Dentro em pouco não haverá lugares onde, sem sabor a plástico, poderemos alegre e gostosamente entupir as artérias, alimentar o colesterol, encher os adipocitos e maltratar um bocadinho mais o fígado. E conversar com os amigos, confraternizar com a família ou curtir a solidão.
Todos ao Império no dia 14 de Maio, para uma "última ceia"?
É na Almirante Reis, mesmo ao lado da Alameda, para quem (quem?) não saiba...

Comentários
"...eu só nunca compreendi porque é que teimavam que o Homem descendia do Macaco e ninguém se entretinha a demonstrar que o Macaco descendia do Homem e o Comuna do Macaco. Se uma raça pode ser o aperfeiçoamento de outra, também pode ser a sua degenerescência" – Quitéria Barbuda in, "De Vermelho os Macacos só têm o cu", Tese de Mestrado sobre os Babuínos, Edições RIAPA, 1999.
afixado por: Tenente Proveta | abril 22, 2006 11:51 PM
Mais um lugar de referência da história citadina e urbana de Lisboa que se perde.
A pouco e pouco a identidade e o espírito alfacinhas vão-se desvanecendo...
Será o preço da globalização que os lisboetas têm que pagar ?
As nossas memórias vão-se apagando, paultina mas seguramente,sem retorno...

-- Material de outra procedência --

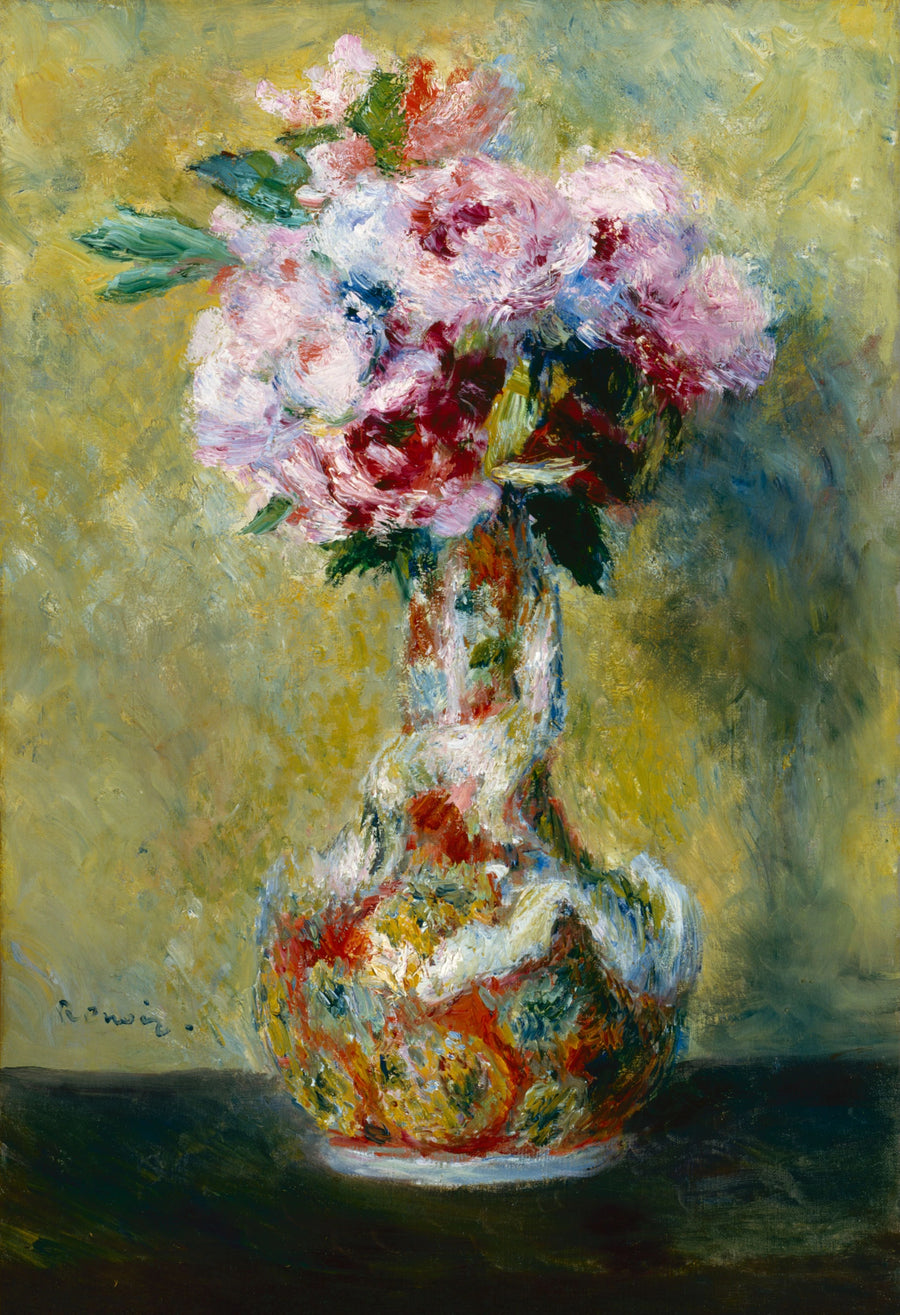 Bouquet in un vaso - Pierre-Auguste Renoir
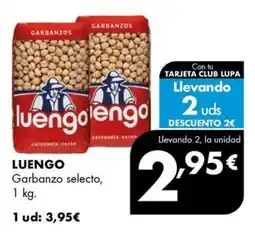 Supermercados Lupa Luengo Garbanzo selecto oferta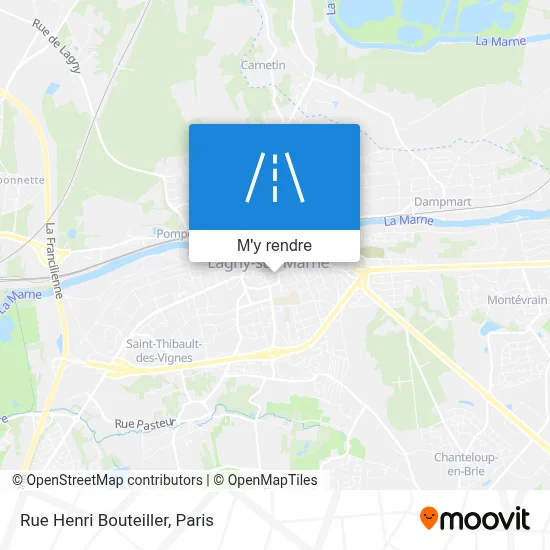Rue Henri Bouteiller plan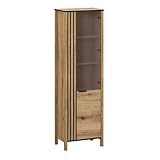 Rangement fonctionnel – Deux armoires avec étagères intérieures pour exposer ou ranger vos objets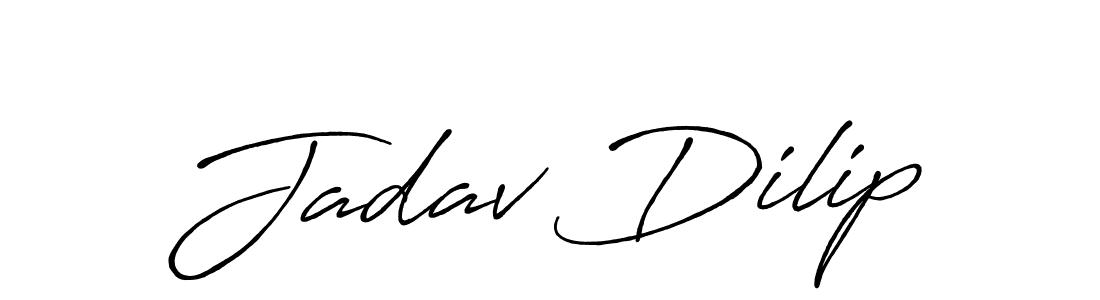 Make a short Jadav Dilip signature style. Manage your documents anywhere anytime using Antro_Vectra_Bolder. Create and add eSignatures, submit forms, share and send files easily. Jadav Dilip signature style 7 images and pictures png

afixado por: pedro silva | abril 23, 2006 09:10 PM
e tu descendes do quê? do macaco não deve ser...são demasiado inteligentes para serem comparados com uma pessoa que tem tal intervenção que além de despropositada é particularmente idiota!
afixado por: Rendinhas e Veneno | abril 24, 2006 12:53 PM
Quando mostram essa carninha e almentam o desaparecimento de sitios onde se continue a comer bem e à portuguesa (sem comida de plástico) apenas me ocorre lembrar aos portugueses que, enquanto houver vitela mirandesa e a GABRIELA de Sendim continuar a existir, não chorem pelo que desapareceu mas tão só por nunca lá terem comido uma POSTA À MIRANDESA. Que povo é este que nem sequer se conhece a si mesmo?
afixado por: Mirandês | abril 24, 2006 02:15 PM
E por coincidência e por fim de impérios, a forma destes pedaços de carne lembram o mapa da américa latina, onde ficava uma parte do nosso império.